Voting restrictions imposed by Ohio Republicans earlier this year will make casting a ballot in the Buckeye State significantly harder, and will hurt African-Americans far more than whites, according to a new court filing which offers a wealth of data to back up its claims. The brief, filed Monday by lawyers for the American Civil Liberties Union (ACLU), asks a federal judge for an injunction to block the restrictions—cuts to the early voting period, and the elimination of same-day voter registration—before this November’s election. The ACLU filed suit earlier this year, alleging that the moves violate the Voting Rights Act’s ban on voting changes that have a racially discriminatory effect. But until Monday, it had not offered detailed information in support of its case.

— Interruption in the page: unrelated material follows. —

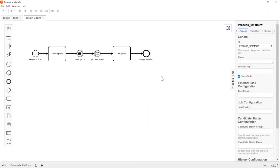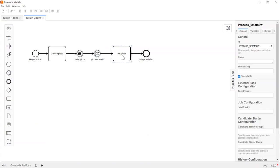Now let's understand this from a token flow perspective. At the start event, the token is born and moves forward to 'choose pizza'. Once the pizza is chosen, the token moves to the intermediary throw event and waits for an order to be placed. Once placed, it moves forward to the catch event and waits until the pizza arrives. Once it arrives, the token moves to 'eat pizza', waits for that task to complete, and then moves to the end event, completing the process.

In February, Ohio’s GOP-controlled legislature passed a law that cut the first six days from the state’s early voting period. The days that were eliminated were known as “Golden Week,” when Ohioans could register and vote on the same day. Less than a week later, Secretary of State John Husted followed that up by announcing a ban on Sunday and evening voting.
A federal judge recently required Husted to restore early voting on the weekend and Monday directly before the election—part of a case that went back to the lead-up to the 2012 election. But the other cuts remain in place. Ohio’s Republican governor, John Kasich, who signed the early voting cuts into law, will be on the ballot for reelection this fall.